Research Outreach Blog
June 22, 2023

Giants of the deep

Tales of sea monsters have been shared among humans for as long as we have had contact with the sea. Sea serpents, gigantic whales, and massive squids and octopuses have been described many times over the years, dating as far back as the works of Aristotle in the 4th century. There may, however, be some truth to these tales. After all, the ocean has a tendency to cultivate creatures much larger than those residing on land. What is it that allows the sea to produce such giants?
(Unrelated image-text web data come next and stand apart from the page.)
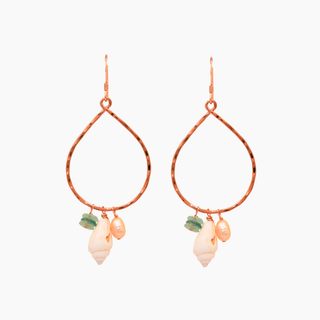 Rosewood Shell Earrings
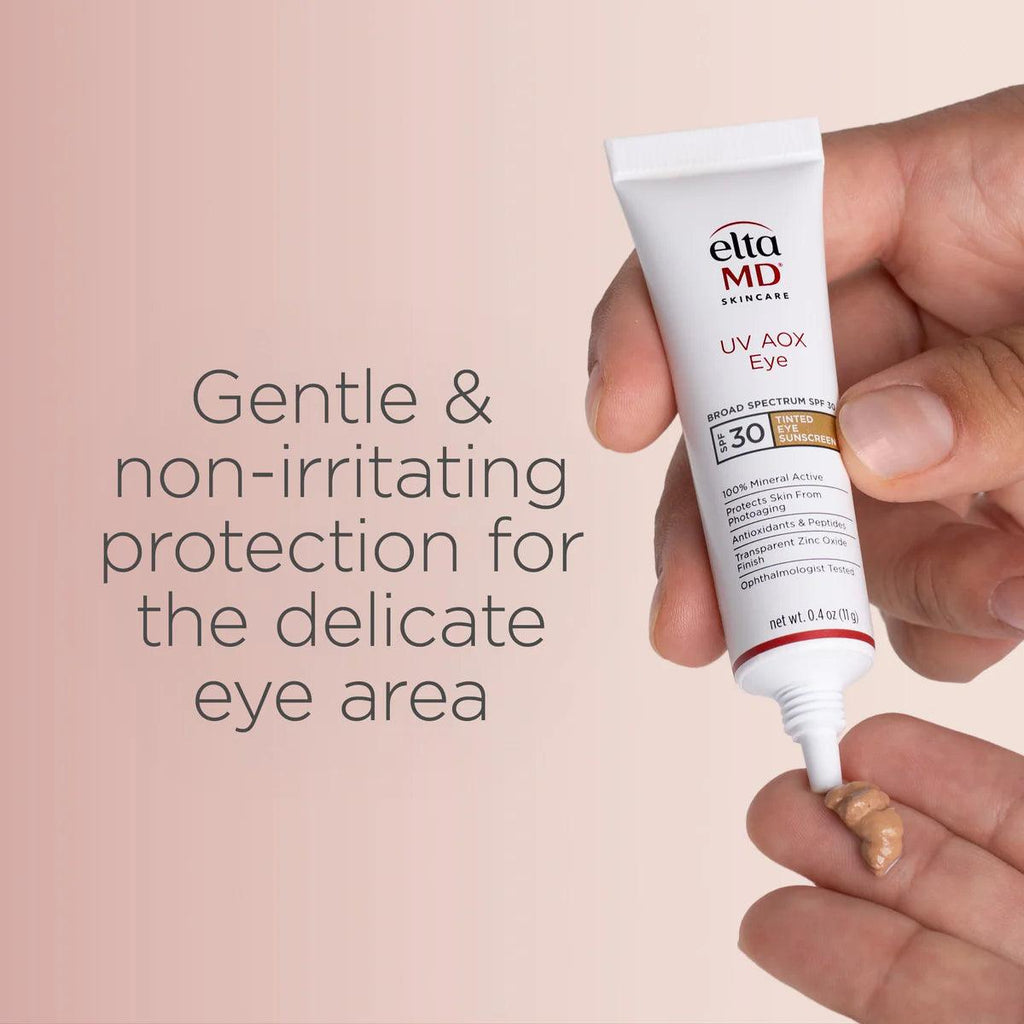 Gentle and non irritating protection for the delicate eye area
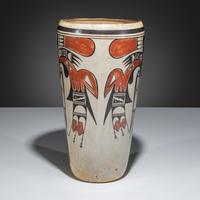 Polychrome Pottery Lamp Base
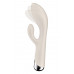 Satisfyer | Вибратор-кролик Satisfyer Spinning Rabbit 1 для точки G и клитора, молочный. Цена 2 200 грн. Фото: 2
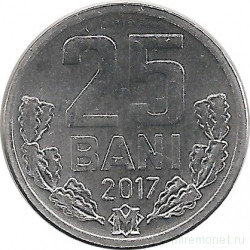 Монета. Молдова. 25 баней 2017 год.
The African elephant is the largest animal species on land, with the largest individuals growing up to 4m tall, but it is dwarfed by the largest marine animal, the blue whale, which reaches 30m in length. The vast size of the blue whale is an example of how large animals can grow when unconstrained by the effects of gravity. The buoyancy provided by the ocean means that sea creatures can grow as large as is necessary to support their existence, and such whales need to grow large enough to prevent them from losing too much body heat to the surrounding water. They are, like elephants, warm-blooded mammals after all. However, the blue whale is not the only marine animal to grow to vast sizes – there are many deep-sea creatures that similarly dwarf their terrestrial or shallow-water counterparts, a concept known as deep-sea gigantism.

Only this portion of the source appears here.